Первые двое суток я веду себя в камере, как зомби. Хотя это внешнее впечатление, внутренне я, как мне кажется, коммуницирую, говорю слова, совершаю определённые физические движения. Но всё – самообман. Я зомби. Единственное осознанное действие – периодическое закидывание в рот таблеток. Ребята потом не преминут пошутить на эту тему – мол, очередной «нарик» под веществами. Они же мне потом и скажут про «зомби». Но пока сокамерники особо меня не трогают. Понимают, не впервой, сами проходили.
Внутренне осознать несвободу крайне тяжко. Этому противится мозг, как чему-то неестественному, невозможному. Сознание отторгает случившуюся ситуацию, как злокачественное новообразование. Но ничего не может с этим поделать. Никто не может. И я не могу.
СИЗО-7 в Капотне – «красный». Сие значит, что власть в изоляторе «принадлежит» администрации. Таких учреждений в исправительной части пенитенциарной системы России сейчас подавляющее большинство. В чистом виде «чёрных» зон, где правят воровские понятия, а контролируют порядки «положенцы», практически не осталось. Да и само звание «положенца» – тюремного смотрящего сходит на нет. В том числе и потому, что за такое «налаживание» тюремного быта могут впаять прицепом 210-ю – от 12 до 20 лет срока – «организация преступного сообщества», мало кто обладает такой жертвенностью.
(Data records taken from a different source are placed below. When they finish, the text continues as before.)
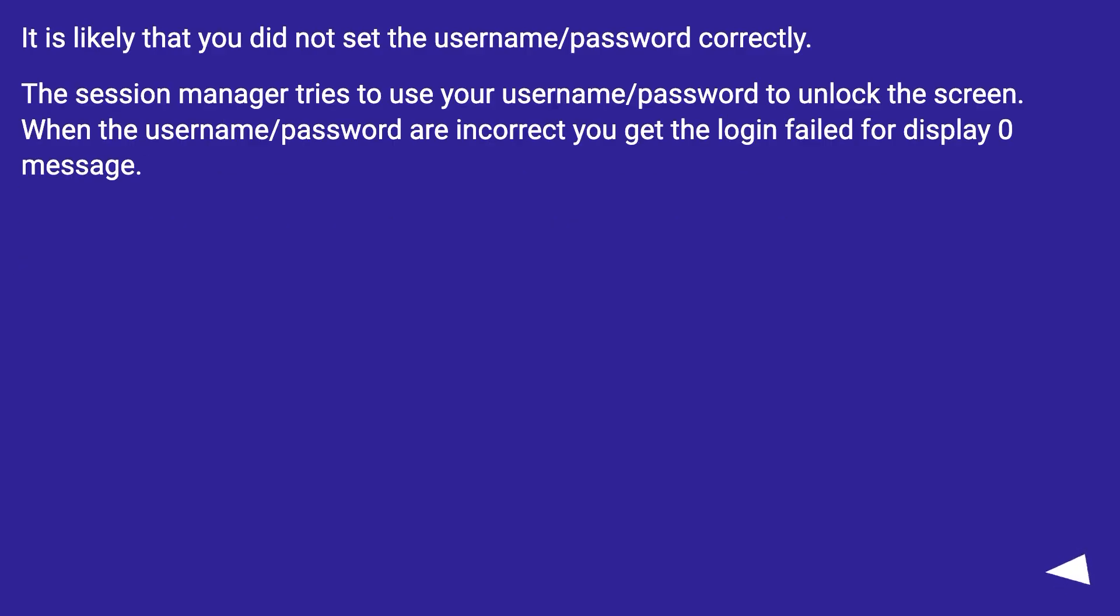It is likely that you did not set the username/password correctly. The session manager tries to use your username/password to unlock the screen. When the username/password are incorrect you get the login failed for Display 0 message.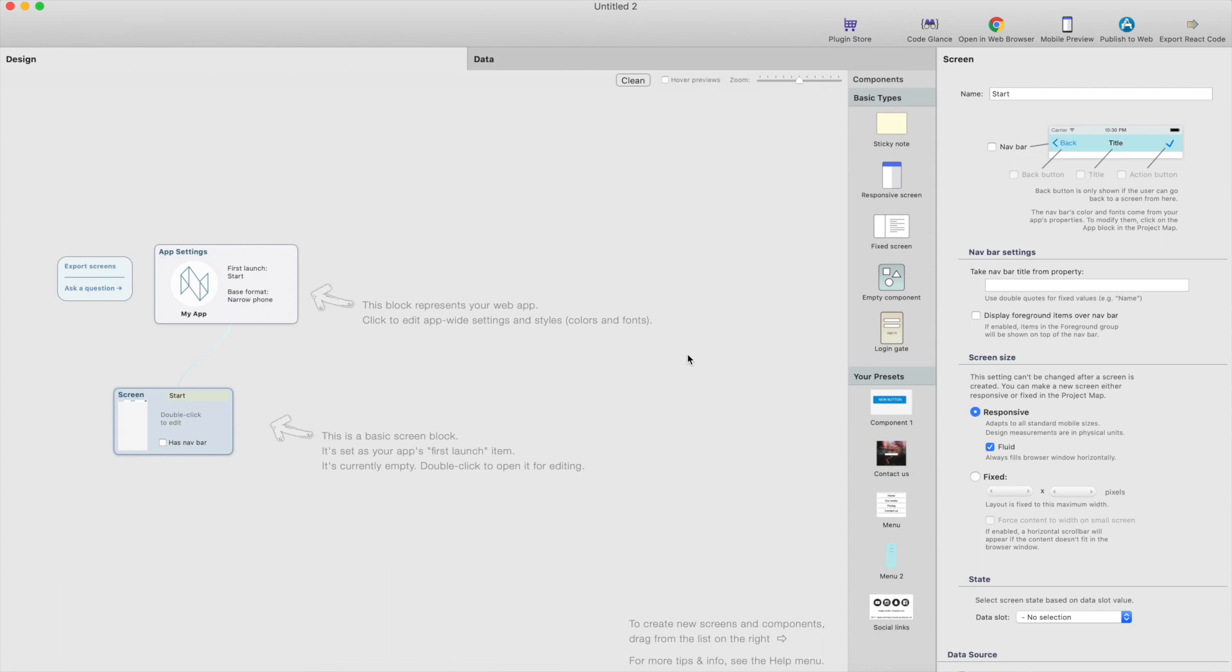Hi, this is Antti from React Studio. In this video, we're going to create a typical menu with the menu button on top right and here's how we can do it in React Studio.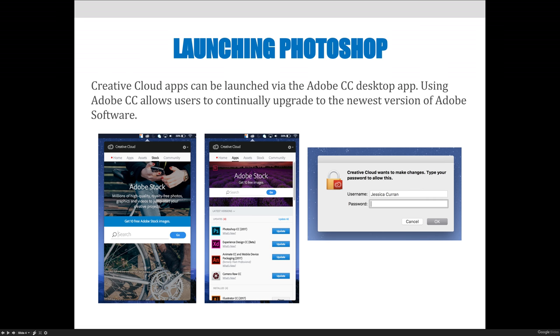There's a community tab, so if you're interested in seeing what other people are doing, there's stuff that you can check out there. What's important is that if you are going to purchase your own Creative Cloud subscription, you need to make sure that you continually update your apps.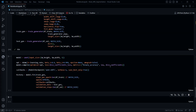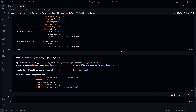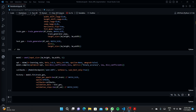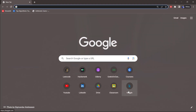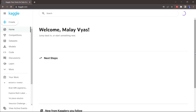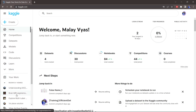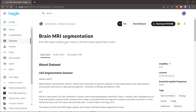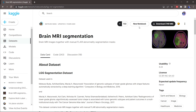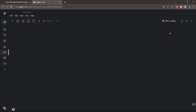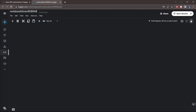So what we have done up till now is we have defined all these things. Now what I would suggest is to go to Kaggle. Go to brain MRI segmentation and create a new notebook, as you can see over here that a new notebook has been created.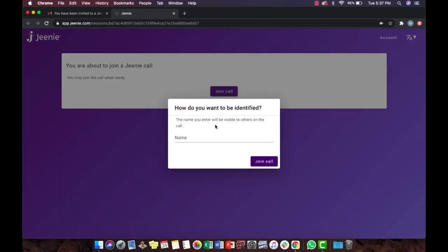If the party joins the video session from their computer, the link will direct them to app.jeenie.com to join the call.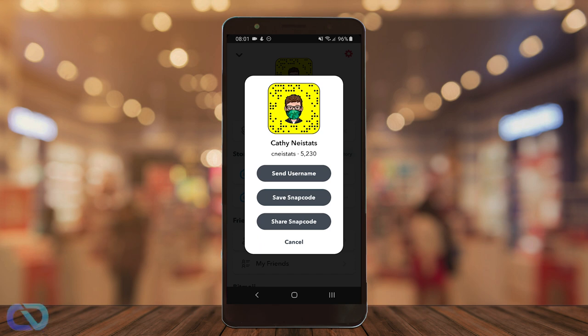Hey guys, here's Casey and today I want to show you how you can get in Snapchat the face mask and the medical clothing.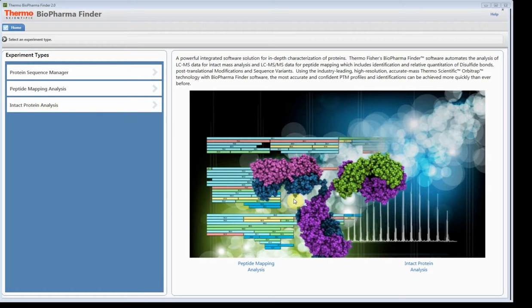Hello and welcome to the Biopharma Finder 2.0 example guide on how to process intact analysis. In this example, I'm going to demonstrate how to process some native raw files that were processed for the first septum molecule. There are going to be 10 different raw files, and I'm going to show you how we can do the raw comparison in the new software.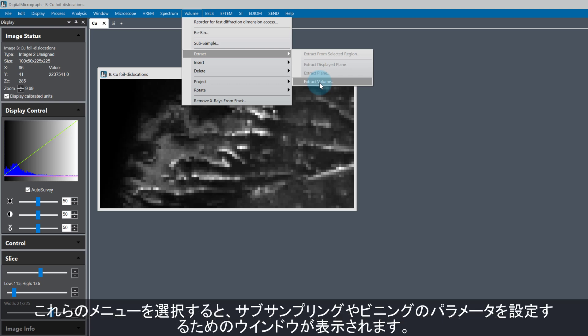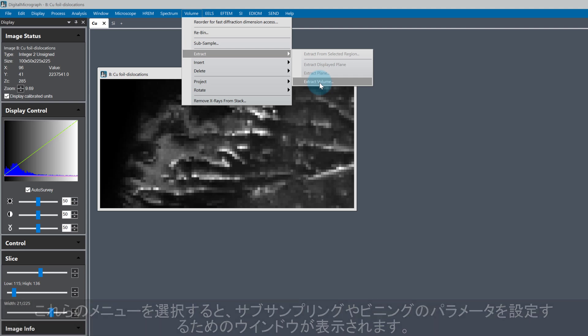Clicking on any of these causes a dialog to be displayed, where we then need to choose our sub-sampling or binning parameters for the specific routine.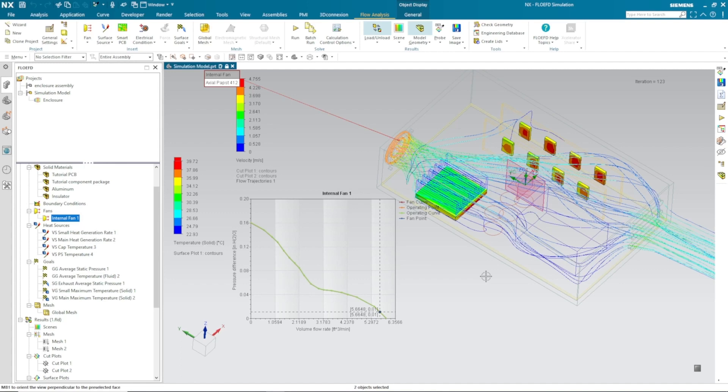This way in Flow EFD embedded with NX, it allows you to check the thermal and flow behavior of your system. For more videos, please like and subscribe to our YouTube video channel. Thank you.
СИЗО в Капотне относительно новый, «хозяйка» периодически делает обход лично, что встретишь не так уж часто. Но общие тюремные нравы неизменны. Крайне пренебрежительное отношение к заключённым, бесправие «подопечных», несоблюдение их прав. Выживай как хочешь.
Несмотря ни на что в нашей камере номер 201 то и дело раздаётся смех. Пожалуй, у нас самая весёлая обстановка на всём этаже. До поры до времени, конечно, но тем не менее.
Я уже «оклемался». С удивлением слушаю рассказы сокамерников про себя самого. Того себя, что с пустым взглядом вошёл в хату и завалился на нары.
– Зомбак конкретный был, – снова подтверждает Макс, глядя на меня своим блестящими глазами. – Ещё и колёса жрёшь горстями.